Today in class we wrote all had to write a Psalm about where we were at with God.  And this was my Psalm.  I originally wrote The Lord is my ..... at the top of my paper.  I sat there for a good couple minutes thinking of cool metaphors or similes that I could use in my Psalm.  I couldn't think of anything.  I eventually gave up and starting writing what is above and realized that I wasn't where I thought I was.  After writing the Psalm I went back and added the word "honesty" to the sentence.  I realized that the Lord is taking me into a place of honesty with Him.  And I guess that also means honesty with you.
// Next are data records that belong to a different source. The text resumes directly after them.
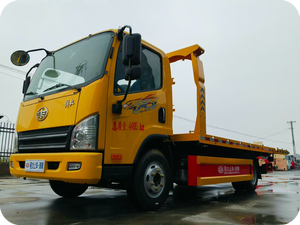 รถยกพ่วง FAW Tiger V 4x2 ดีเซล เกียร์ธรรมดา แบบพื้นเรียบ สำหรับงานหนัก ความยาว 5995 มม. ผลิตในจีน มาตรฐานไอเสีย 6b รถกู้ภัยบนท้องถนน - Product Image 2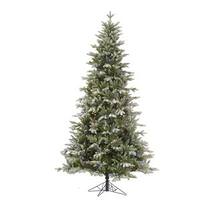 Vickerman 4.5' x 34" Artificial Frosted Balsam Fir 200 Multi-Color Italian LED Lights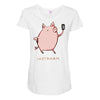 instaham Maternity Scoop Neck T-shirt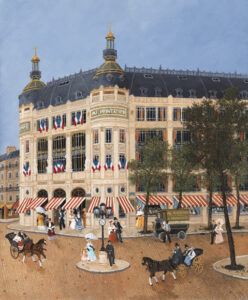 GRANDS MAGASINS DU PRINTEMPS II 65X54cm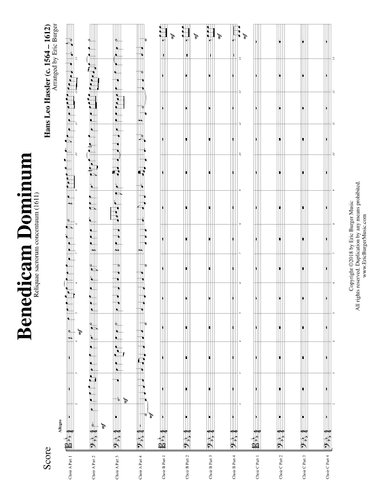 Benedicam Dominum for Trombone or Low Brass Duodectet (12 Part Ensemble) (arr. Eric Burger Music)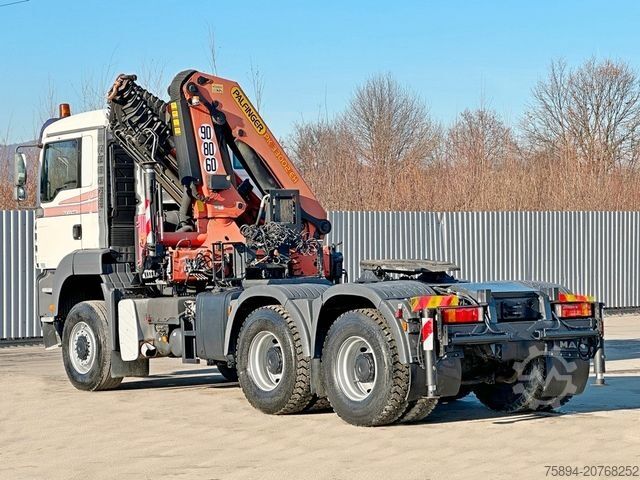Grua montada em camião MAN TGA 33.480* Sattelzugmaschine * PK 33002-EH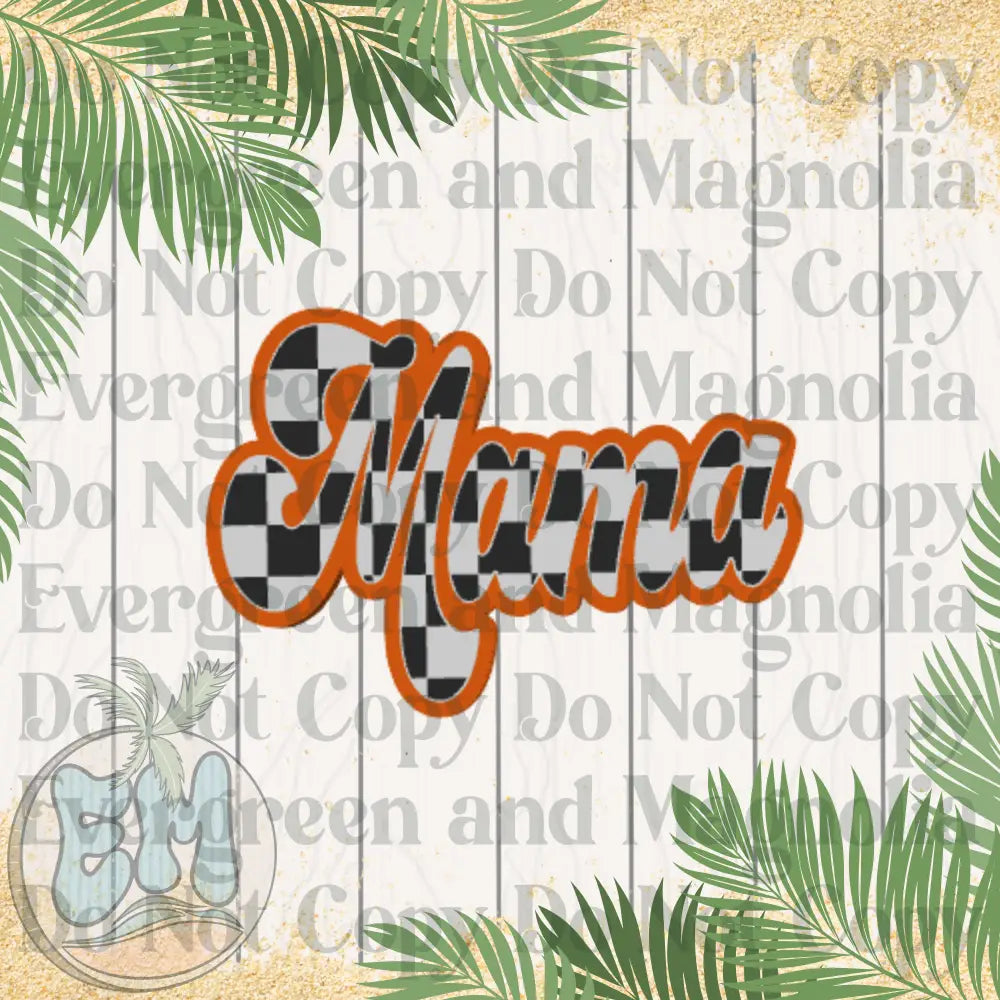 Checkered mama (orange)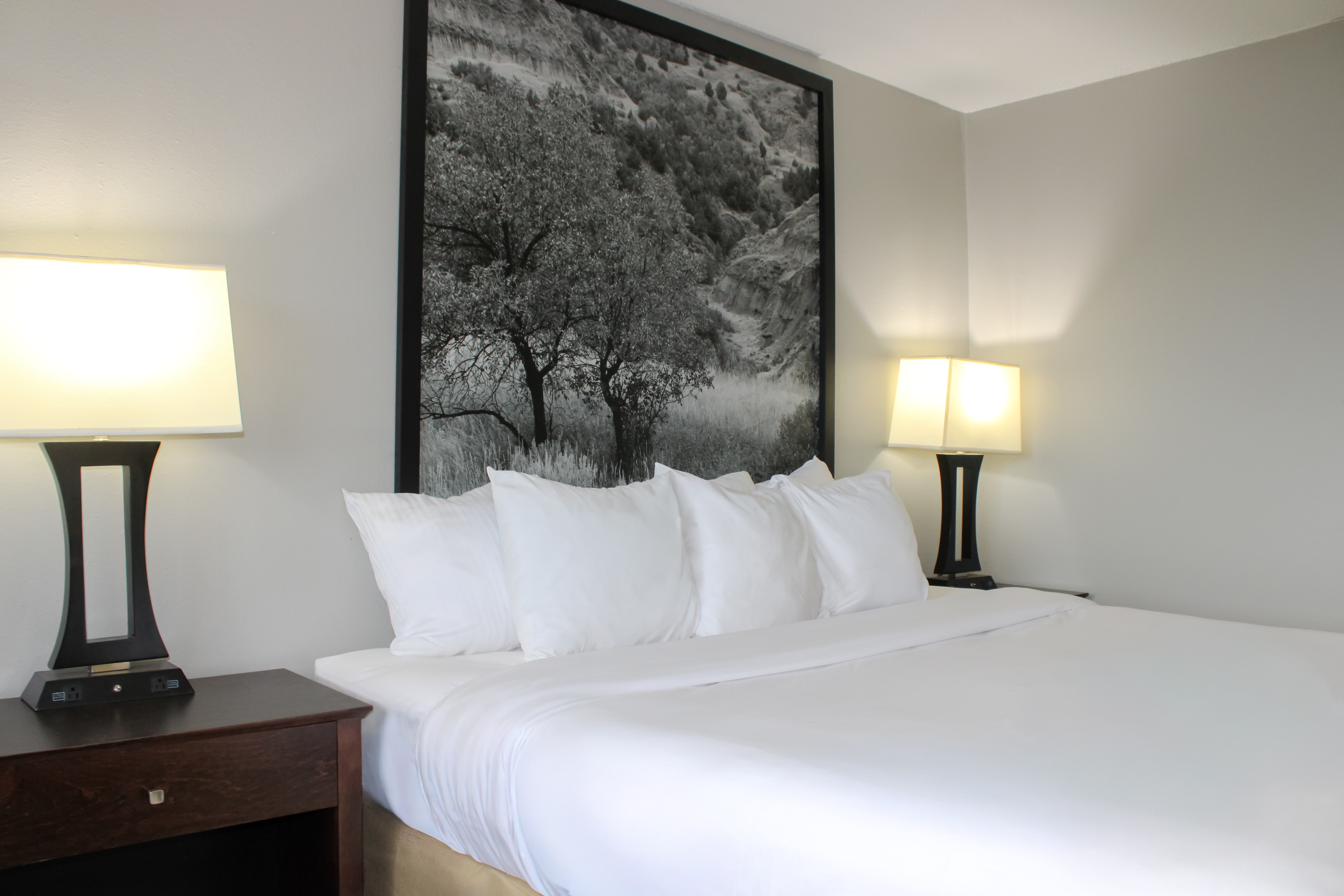 Guest room at the Super 8 by Wyndham Williston ND in Williston, North Dakota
The last month has been all sorts of things.  Exhausting.  Rough.  Calming.  Exhausting.  Frustrating. Peaceful.  Chaotic.  Exhausting.  Sad.  Emotional.  Joyful.  Exhausting.

I think you have seen a pattern in this time.  I have absolutely loved this past month, even in its exhaustion.  About a month ago I knew that my grandmother Irma was quite ill.  After hearing from the doctor's it became apparent that she would be going home to be with Jesus soon.  After much prayer and back-and-forth I decided to go home for the funeral.  After my loving grandma passed away, we booked my flight and made preparations to be home with family during this time.
George and Irma Lindstedt.  An inspiration for life, love, and how to be the coolest.
So I went back to Wisconsin.  I went to the visitation and the funeral.  And it was hard.  I love my grandma and miss her dearly.  I had hoped to have another Christmas at George and Irma's house with her famous table of food.  Delicious food.  I was surprised, however, at the joy of my family.  How we focused on the life of my grandmother instead of her death.  Yes, we were sad she was gone.  But we found solace in remember her in stories.  Telling some of our favorite "grandma Irma stories."  It was a sad time, but a time remembering a life well lived.  A life that deserves to be remembered.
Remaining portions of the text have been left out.